A partir desta quinta-feira (7), o município de Alagoinhas (BA) amplia as ações de combate ao mosquito Aedes aegypti — transmissor da dengue, zika e chikungunya — com o emprego de dez carros fumacê. Os equipamentos, cedidos pelo governo estadual, chegam como medida estratégica de contenção frente ao aumento dos índices de infestação e de notificações suspeitas na região. A operação terá início com cinco veículos, e o restante da frota deve ser integrado de forma gradativa nos próximos dias.
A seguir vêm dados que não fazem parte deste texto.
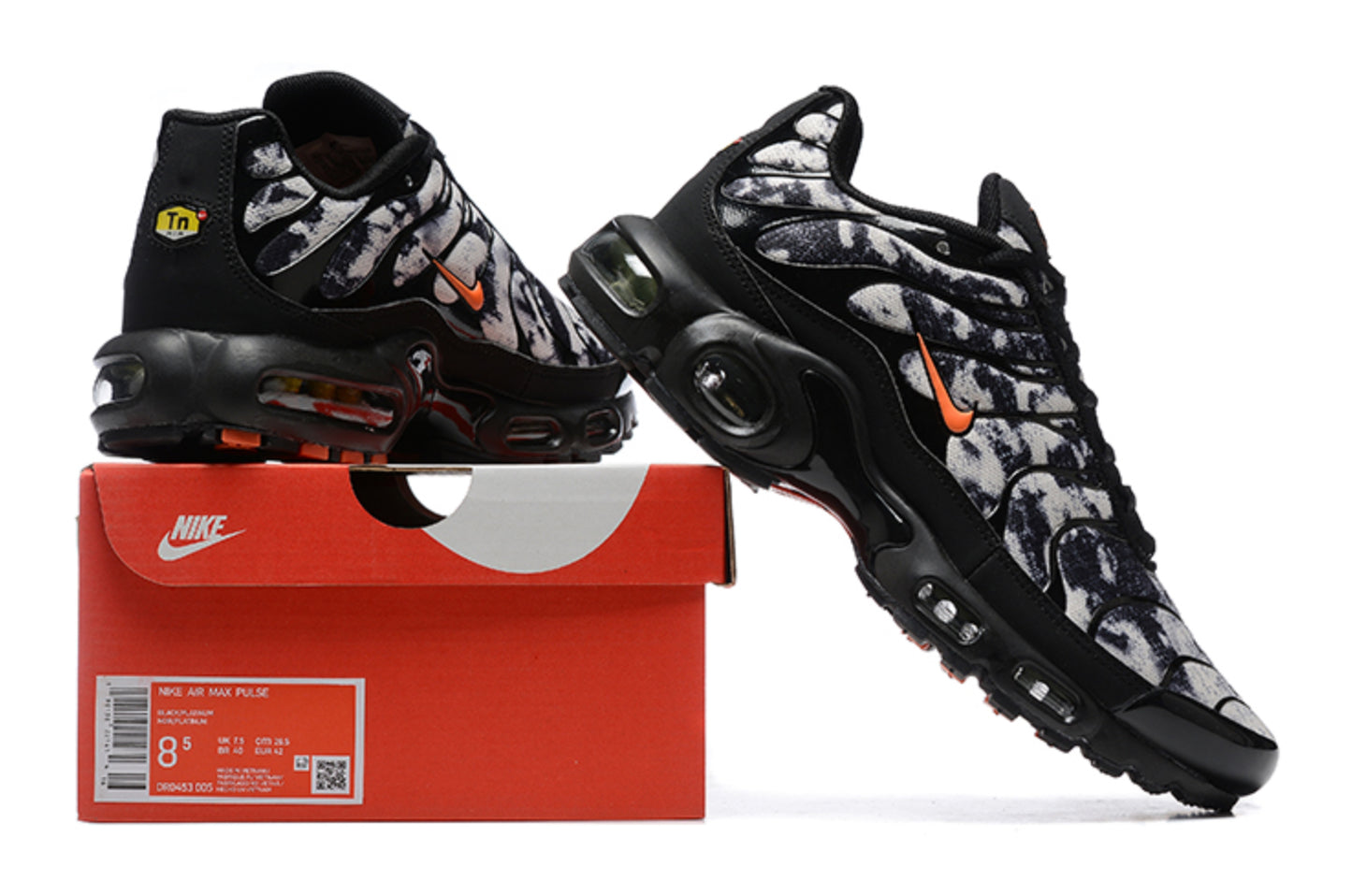 Nike Air Max Plus TN "Urban Camo" with Orange Accents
A estratégia de pulverização priorizará as áreas com maior proliferação do vetor, começando pelos bairros Petrolar e Centro. Segundo a Secretaria de Saúde do município, a adoção da medida atende a critérios técnicos, baseando-se no monitoramento diário do panorama epidemiológico local. De acordo com o boletim divulgado pela Vigilância em Saúde na última terça-feira (5), a cidade já contabiliza 1.374 casos suspeitos das viroses este ano. Desse total, 198 foram confirmados, 288 descartados e 888 permanecem em investigação.

Apesar de o fumacê atender a uma demanda frequente da população em momentos de surto, autoridades de saúde ressaltam que o recurso exige uso racional. O núcleo regional de saúde alerta que a aplicação indiscriminada do inseticida pode acarretar danos ambientais e riscos à saúde humana, além de induzir resistência biológica nos mosquitos sobreviventes, reduzindo a eficácia do veneno a longo prazo.

Por ter efeito restrito à fase adulta do inseto, a pulverização espacial é classificada como uma intervenção emergencial complementar, que não substitui a eliminação mecânica dos criadouros. A Vigilância em Saúde local enfatiza que o trabalho de base — conduzido por mais de 50 agentes de endemias que realizam vistorias e aplicação de larvicidas em mais de 1.700 quarteirões — continua sendo o método prioritário para frear a reprodução do mosquito, cujo ciclo inicial exige água parada.

Orientações à população

Para garantir a eficiência e a segurança durante a passagem dos veículos pulverizadores, a prefeitura orienta os moradores a adotarem precauções básicas. A principal recomendação é abrir portas e janelas para facilitar a entrada do produto nas residências e atingir os locais escuros onde os insetos se abrigam.

Em contrapartida, é necessário proteger alimentos, bebedouros de animais domésticos e recolher roupas do varal. Pessoas e animais de estimação devem permanecer em um cômodo fechado durante a aplicação. Recomenda-se ainda atenção redobrada com aquários e gaiolas, que devem ser cobertos devido à alta sensibilidade de peixes e pássaros ao composto químico.